Besonders feine Stücke stellen insbesondere der „Schallwellenwalzer“ (klingt nach einem nachdenklichen Arbeitsprozess mit romantischen Anklängen, op. 148) von Strauss Sohn, uraufgeführt im Sofienbad-Saal in Wien, die „Grubenlichter“ von Carl Zeller (nach Motiven der Operette „Der Obersteiger“ – verdächtigt man kurz der Schwermütigkeit; und die – wirklich wundervolle – elegische Ouvertüre „Dichter und Bauer“ von Franz von Suppé dar. Die charakteristischen „Ups and Downs“ werden herausgearbeitet.
„Ohne Sorgen“ (op. 271) Strauss Sohn, die Musiker dürfen hier „Ha“ rufen , „In Saus und Braus“ – Galopp von Carl Millöcker (ebenfalls nach Operettenmotiv wie vorhin Carl Zeller) – Muti hüpft hier freudig rhythmisch mit, die delikate „Niko-Polka“ (op. 228) mit Harfe (uraufgeführt 1859 in Pawlowsk, Russland, während einer Reise von Strauss Sohn) bilden die „leichtere Muse“. Ebenfalls wähnt man sich im „Krapfenwaldl“ (Polka francaise, op. 336) von Strauss Sohn – eine gern verwendete Melodie für die Rolle der Pepi in der Operette „Wiener Blut“. „Stürmisch in Lieb´ und Tanz“ (op. 393, eine Schnellpolka) reiht sich hier ebenfalls ein, immer wieder gern gehört und mitgehüpft.
Wiederum Einflüsse der Italianita finden sich in der Auswahl des Venezianer-Galopps (op. 74 – ein Werk von Strauss Vater mit „stürmischen“ Kastagnetten) und der Margherita-Polka (op. 244) von Josef Strauss. Größten Respekt zollt man Riccardo Muti mit der „Neuen Melodienquadrille“, wo Johann Strauss Sohn – in Verdi-Verehrung – Motive aus dessen Opern wie „Rigoletto“ oder „La traviata“ verarbeitete. Dieser könnte man wirklich stundenlang zuhören.

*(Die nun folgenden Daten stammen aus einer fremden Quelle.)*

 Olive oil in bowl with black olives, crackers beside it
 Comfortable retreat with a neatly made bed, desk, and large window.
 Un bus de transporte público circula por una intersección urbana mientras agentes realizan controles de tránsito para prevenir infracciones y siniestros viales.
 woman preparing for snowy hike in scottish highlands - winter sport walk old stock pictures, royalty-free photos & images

die kurstadt baden, genua und das loos-haus in Wien kommen zu Ehren…
Karl Komzak sorgt für die urösterreichische Note: „Bad´ner Madln“, sein hübscher Konzertwalzer, zeichnet ein Stimmungsbild aus der Kurstadt.
Der Pausenfilm des Neujahrskonzertes behandelt das jüngste Bundesland Österreichs: „Happy Birthday Burgenland“ 1921-2021. Eigens arrangierte Musikstücke, unter anderem die „Gräfin Mariza“ oder die „Fledermaus“ hört man da bei einer Schiffahrt über den Neusiedler See heraus. Orte vom Schloss Esterházy in Eisenstadt, Schloss Tabor bis nach Rust bereist man.

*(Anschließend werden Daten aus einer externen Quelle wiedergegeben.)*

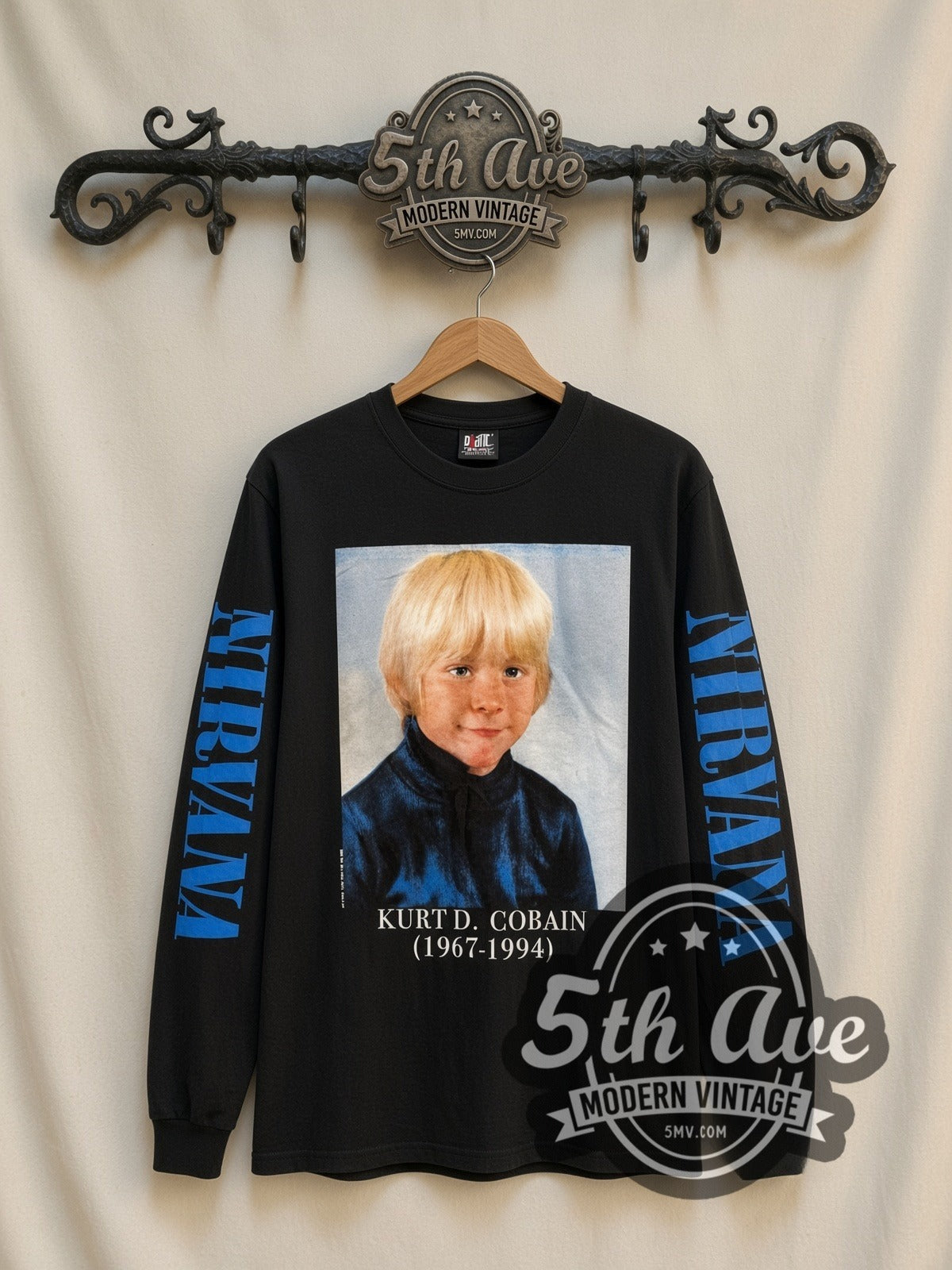 Nirvana Kurt D. Cobain 1967-1994 Childhood vintage band long sleeve t-shirt, front view on a display rack
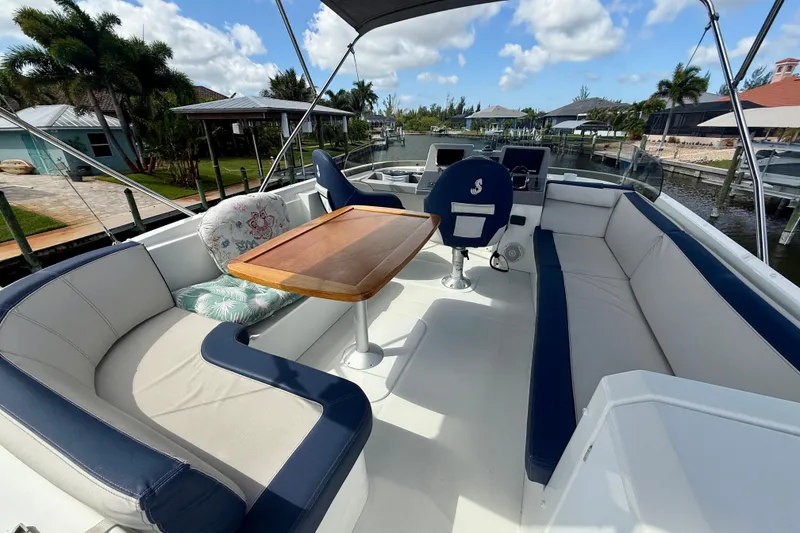 Slide: The Image of Flybridge of 2020 Beneteau Swift Trawler 44 with seating and helm, docked by waterfront homes. - 26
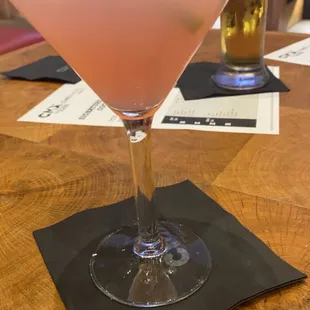 a pink drink in a martini glass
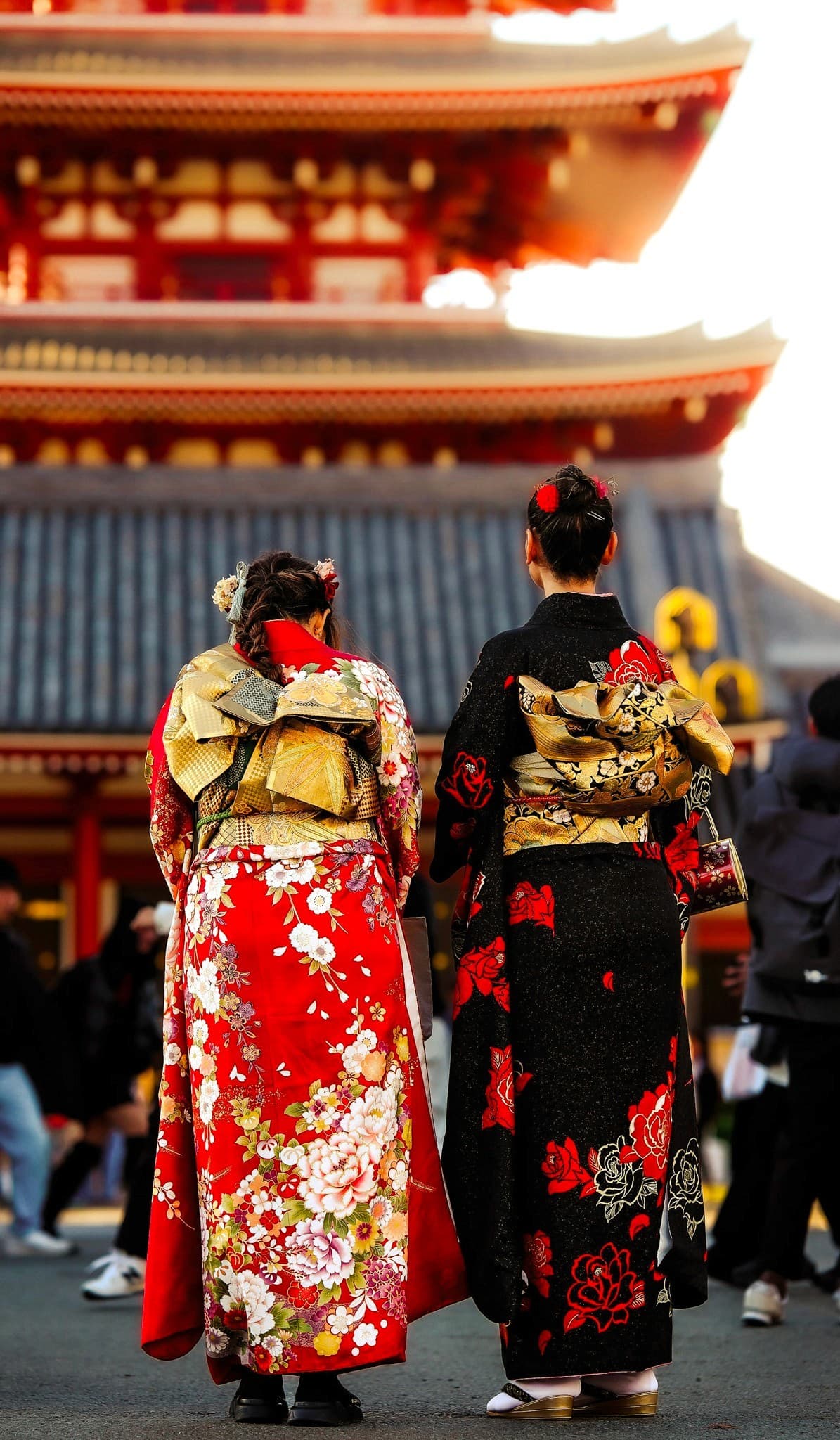 Two women in vibrant furisode kimono facing Senso-ji pagoda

natürlich, unverkrampft, bunt – das ballett
Zur Margherita-Polka (geschrieben zur Vermählung des Prinzen von Umberto mit Margherita von Genua) sowie zum „Frühlingsstimmen-Walzer“ tanzt das Wiener Staatsballett, vornehmlich im Freien (Schlosspark des Palais Liechtenstein in Wien-Alsergrund) und im Loos-Haus (des Architekten Adolf Loos) am Michaelerplatz 3, das von den Wienern „Haus ohne Augenbrauen“ getauft wurde. Kaiser Franz Joseph soll es „jederzeit“ vermieden haben, daran vorbei zu marschieren, da er es für „scheußlich“ befand. Dem jungen Balletttänzer Davide Dato werden hier kurzzeitig zwecks Damen-Tausch die Augen verbunden, aber er tanzt weiter. Ihn hält offenbar nichts auf. Sveva Gargiulo, Ketevan Papava und Alice Firenze machen ebenso gute (Tanz-)Figuren in Kostümen von Christian Lacroix, zu einer Choreographie von José Carlos Martinez (einem spanischen Ballettänzer). So natürlich, so erdverbunden und doch verzaubernd – diese Choreografie zählt zu einer der besten der letzten Jahre!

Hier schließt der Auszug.